* [GIVEN RECORDS]
☆ ☆ ☆
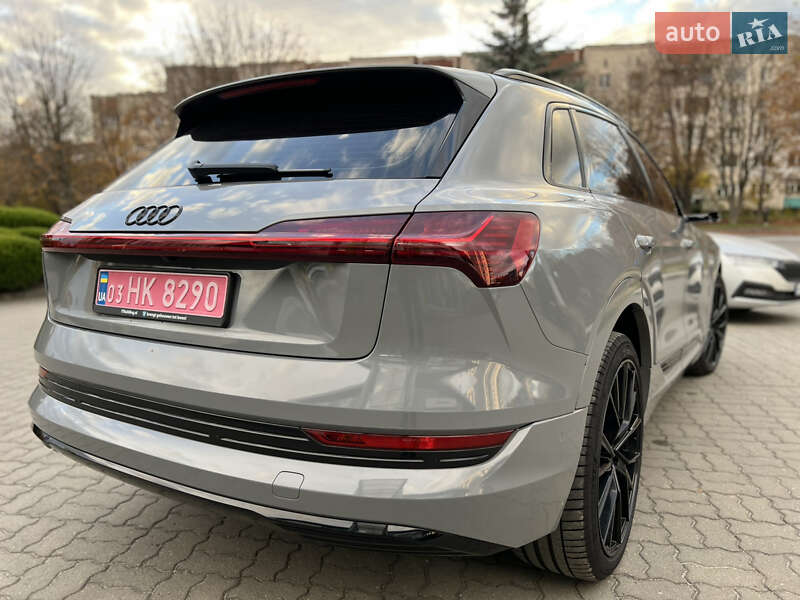 Позашляховик / Кросовер Audi e-tron 2020 в Києві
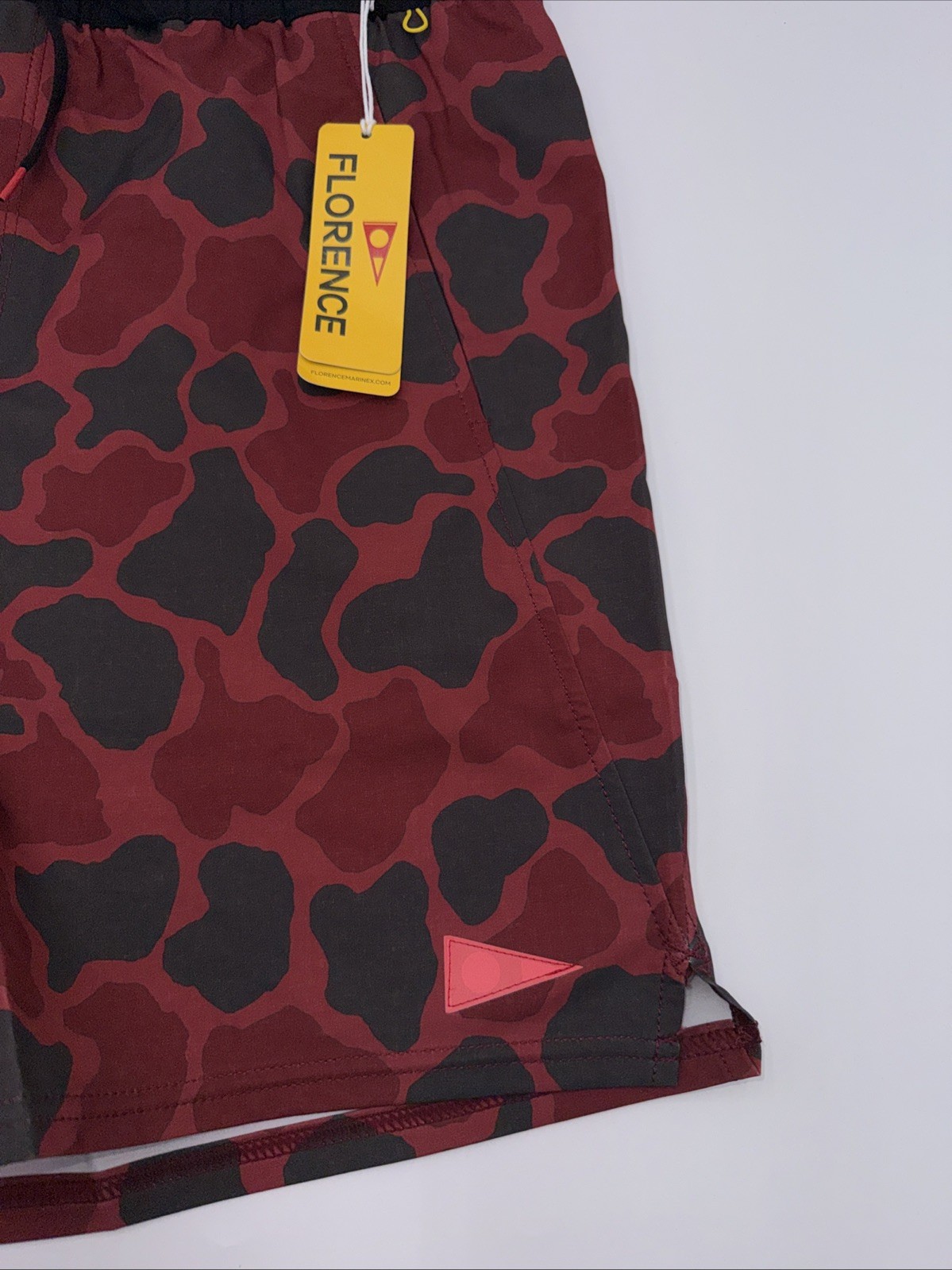 $70 Florence Men’s Elastic Waist 7” Shorts- Maroon Camo- Medium – NEW Tags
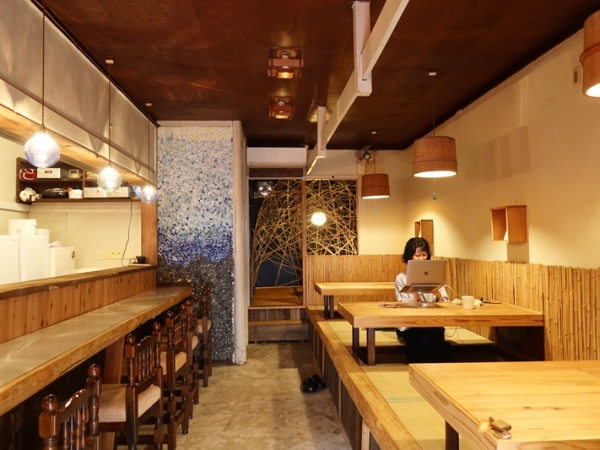 国道沿いに立地している。見えている赤いのれんは婚礼布団を加工したもの（筆者撮影）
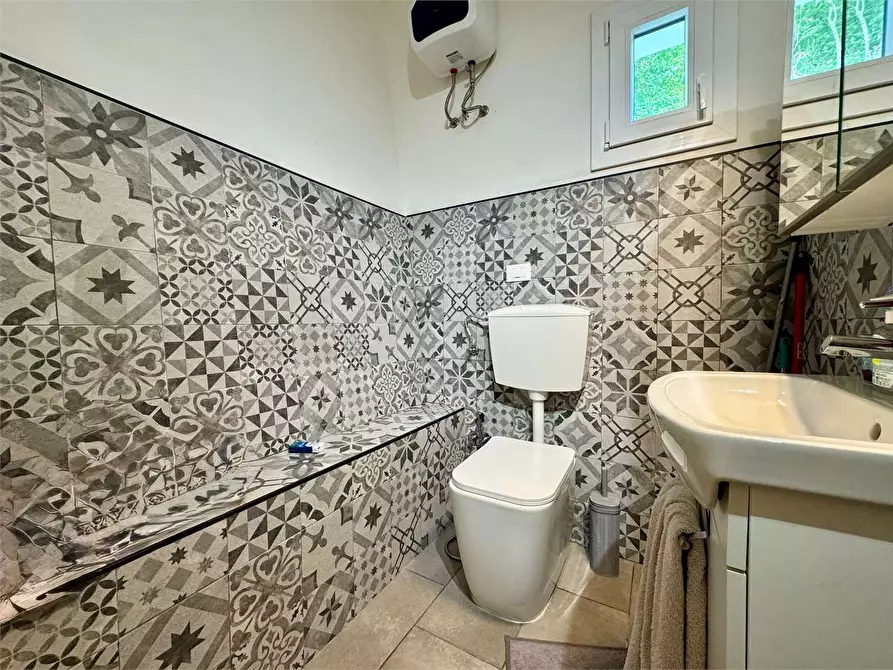 Immagine 46 di Villa in vendita  in Strada provinciale Lovegno 11 a Pieve Di Teco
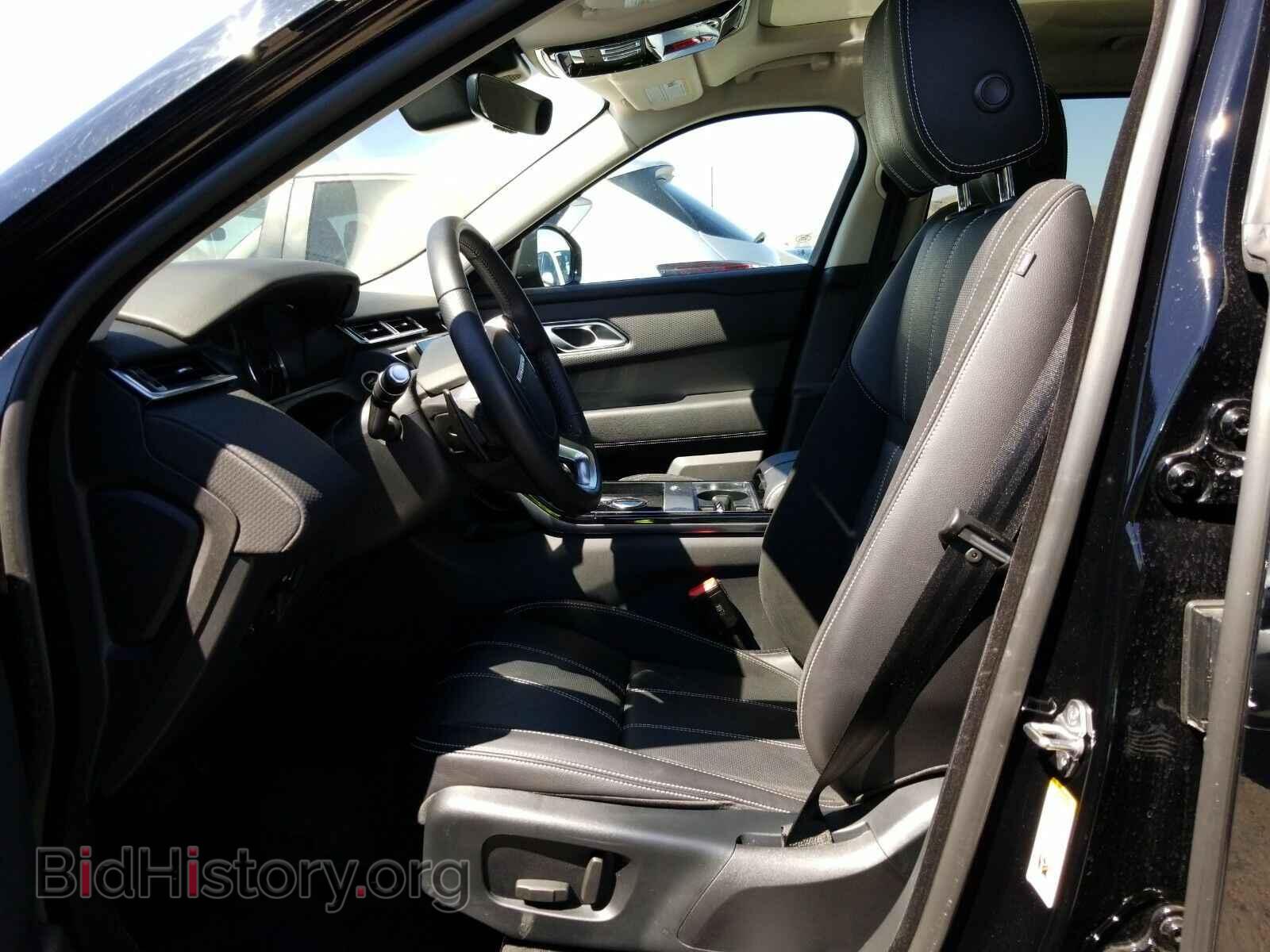 2019 Land Rover Range Rover Velar - VIN: SALYB2EV9KA796721 - Фото 3
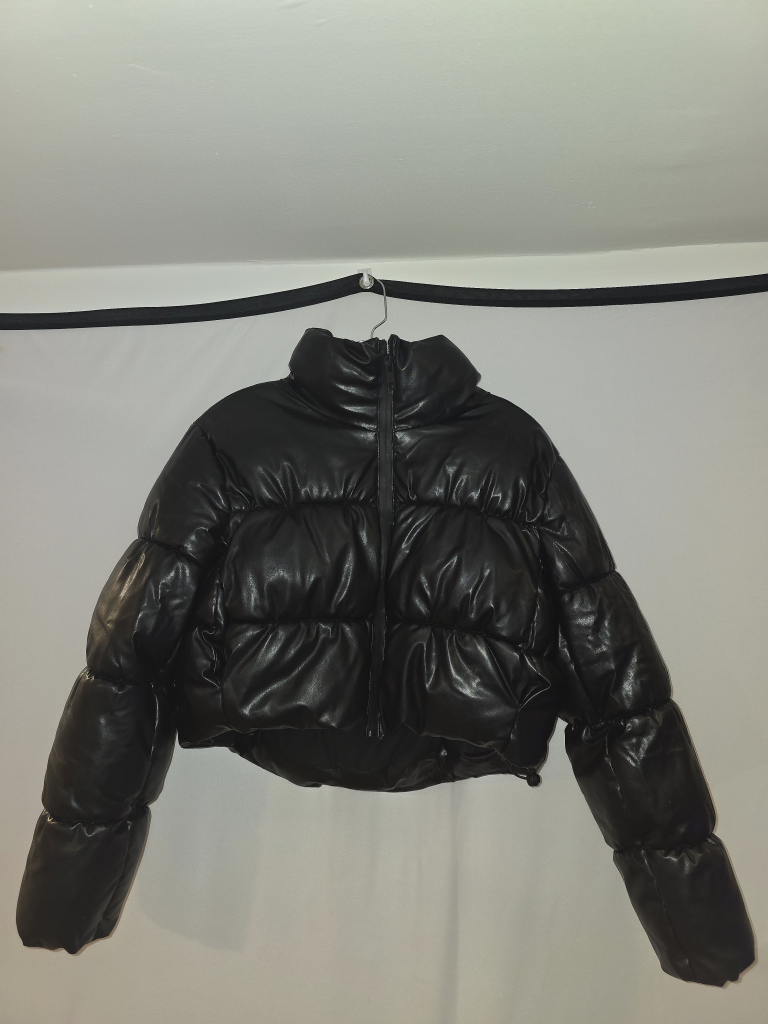 🧥 ZARA Leather Look Cropped Puffer Jacket, Size S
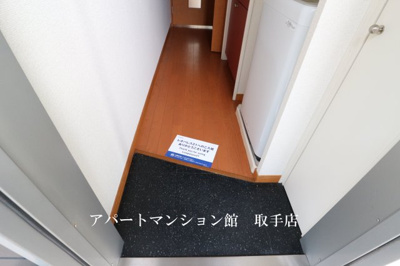 【玄関】 | レオパレスシェソワ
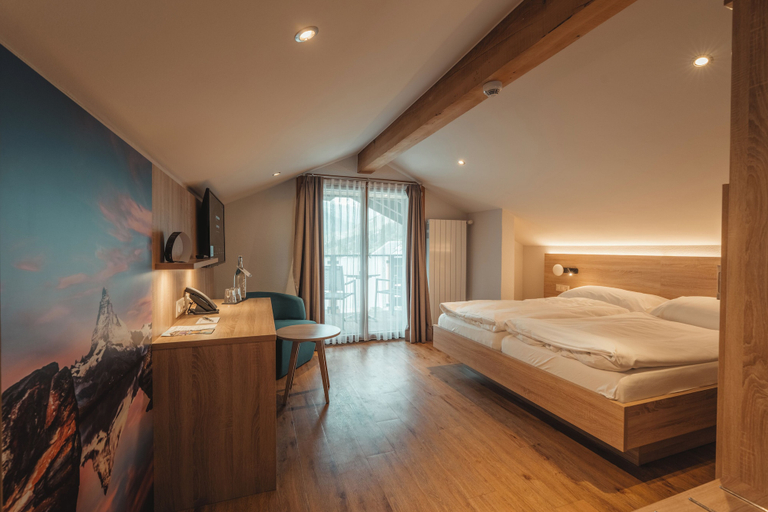 Bedroom 3, Matterhorn Inn - Wellness & Dining - at Zermatt Shuttle Station, Visp
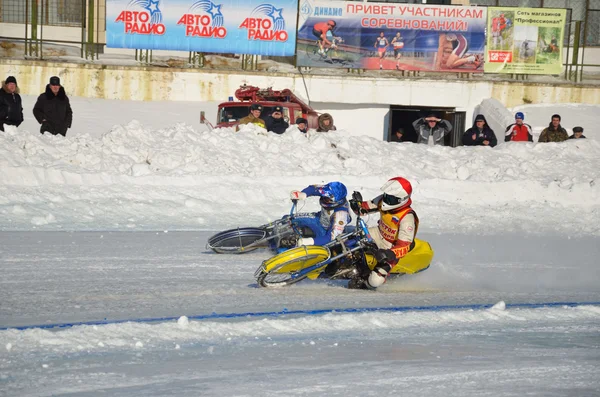 Speedway auf Eis, zwei Motorräder einschalten — Stockfoto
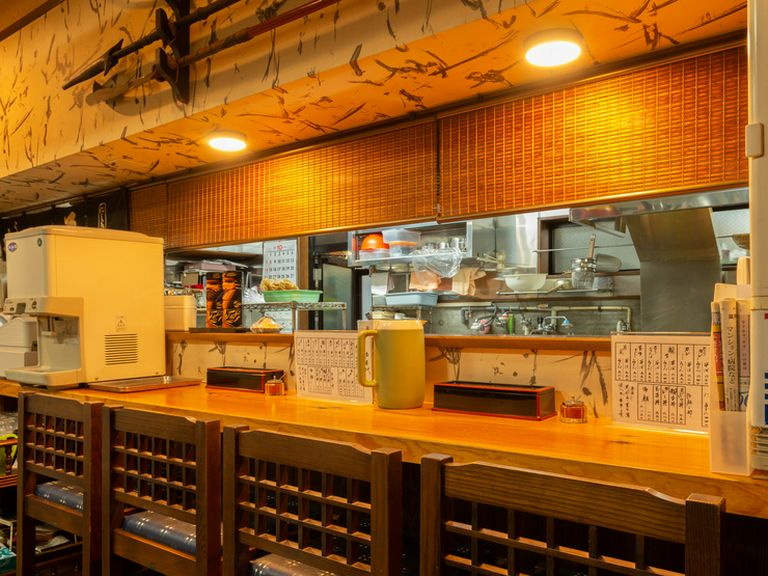 昼休憩には地元の人々が多く集まる人気のそば屋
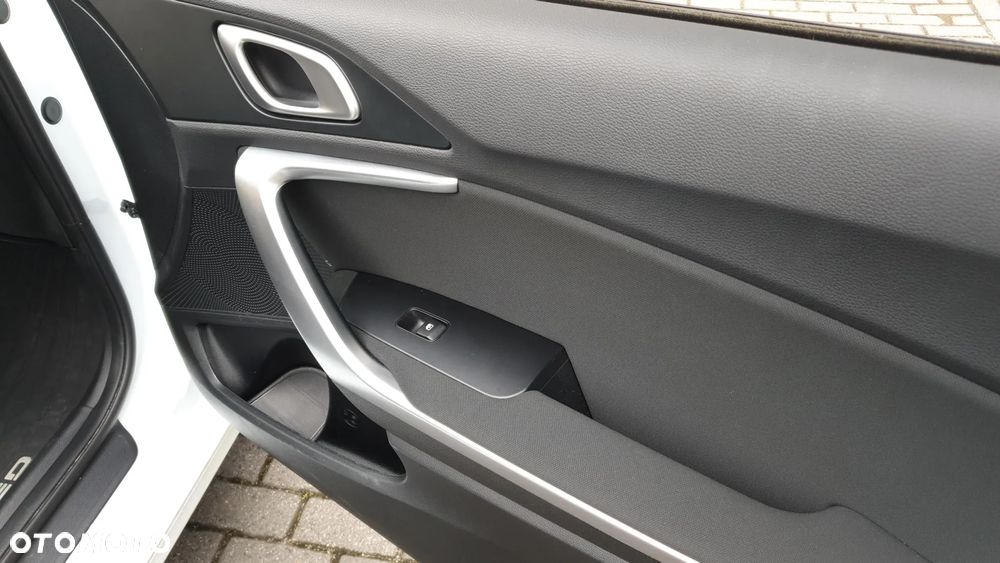 Kia Ceed 1.5 T-GDI M - 27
☆ ☆ ☆
* [WHAT THIS TASK INVOLVES] For the entries above, the output must hold exactly the lines from the one with "2019 Land Rover" through the last line, both included, and no pictures.

* [ANSWER BOX]
 2019 Land Rover Range Rover Velar - VIN: SALYB2EV9KA796721 - Фото 3
 🧥 ZARA Leather Look Cropped Puffer Jacket, Size S
 【玄関】 | レオパレスシェソワ
 Bedroom 3, Matterhorn Inn - Wellness & Dining - at Zermatt Shuttle Station, Visp
 Speedway auf Eis, zwei Motorräder einschalten — Stockfoto
 昼休憩には地元の人々が多く集まる人気のそば屋
 Kia Ceed 1.5 T-GDI M - 27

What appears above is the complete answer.